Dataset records
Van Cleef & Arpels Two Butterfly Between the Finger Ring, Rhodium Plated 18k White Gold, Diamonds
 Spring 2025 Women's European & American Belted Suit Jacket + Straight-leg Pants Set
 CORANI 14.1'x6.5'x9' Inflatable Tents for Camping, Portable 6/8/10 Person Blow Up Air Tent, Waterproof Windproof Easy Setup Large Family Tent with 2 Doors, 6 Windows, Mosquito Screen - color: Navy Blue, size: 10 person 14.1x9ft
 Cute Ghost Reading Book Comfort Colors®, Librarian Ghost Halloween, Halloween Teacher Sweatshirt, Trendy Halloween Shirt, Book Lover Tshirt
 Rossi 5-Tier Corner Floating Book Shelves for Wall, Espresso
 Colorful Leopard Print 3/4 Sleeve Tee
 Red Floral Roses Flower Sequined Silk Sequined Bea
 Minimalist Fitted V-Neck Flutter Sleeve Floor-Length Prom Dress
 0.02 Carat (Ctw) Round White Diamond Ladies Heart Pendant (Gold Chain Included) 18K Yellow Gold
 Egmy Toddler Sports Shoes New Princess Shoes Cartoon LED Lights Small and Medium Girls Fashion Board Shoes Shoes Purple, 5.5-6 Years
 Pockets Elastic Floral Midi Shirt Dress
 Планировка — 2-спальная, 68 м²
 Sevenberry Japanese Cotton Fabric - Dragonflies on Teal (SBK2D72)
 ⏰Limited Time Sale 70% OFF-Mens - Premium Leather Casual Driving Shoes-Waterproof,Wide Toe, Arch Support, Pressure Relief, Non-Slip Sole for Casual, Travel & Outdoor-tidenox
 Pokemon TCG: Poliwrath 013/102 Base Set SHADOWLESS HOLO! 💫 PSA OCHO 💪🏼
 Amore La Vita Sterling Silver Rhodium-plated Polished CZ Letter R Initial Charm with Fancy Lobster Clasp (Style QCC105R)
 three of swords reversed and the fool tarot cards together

• [Task objective]: Write out exactly the lines between the start of the entries and the line containing "Sevenberry Japanese Cotton", including that line and the first one.

• [Your solution]:
Van Cleef & Arpels Two Butterfly Between the Finger Ring, Rhodium Plated 18k White Gold, Diamonds
 Spring 2025 Women's European & American Belted Suit Jacket + Straight-leg Pants Set
 CORANI 14.1'x6.5'x9' Inflatable Tents for Camping, Portable 6/8/10 Person Blow Up Air Tent, Waterproof Windproof Easy Setup Large Family Tent with 2 Doors, 6 Windows, Mosquito Screen - color: Navy Blue, size: 10 person 14.1x9ft
 Cute Ghost Reading Book Comfort Colors®, Librarian Ghost Halloween, Halloween Teacher Sweatshirt, Trendy Halloween Shirt, Book Lover Tshirt
 Rossi 5-Tier Corner Floating Book Shelves for Wall, Espresso
 Colorful Leopard Print 3/4 Sleeve Tee
 Red Floral Roses Flower Sequined Silk Sequined Bea
 Minimalist Fitted V-Neck Flutter Sleeve Floor-Length Prom Dress
 0.02 Carat (Ctw) Round White Diamond Ladies Heart Pendant (Gold Chain Included) 18K Yellow Gold
 Egmy Toddler Sports Shoes New Princess Shoes Cartoon LED Lights Small and Medium Girls Fashion Board Shoes Shoes Purple, 5.5-6 Years
 Pockets Elastic Floral Midi Shirt Dress
 Планировка — 2-спальная, 68 м²
 Sevenberry Japanese Cotton Fabric - Dragonflies on Teal (SBK2D72)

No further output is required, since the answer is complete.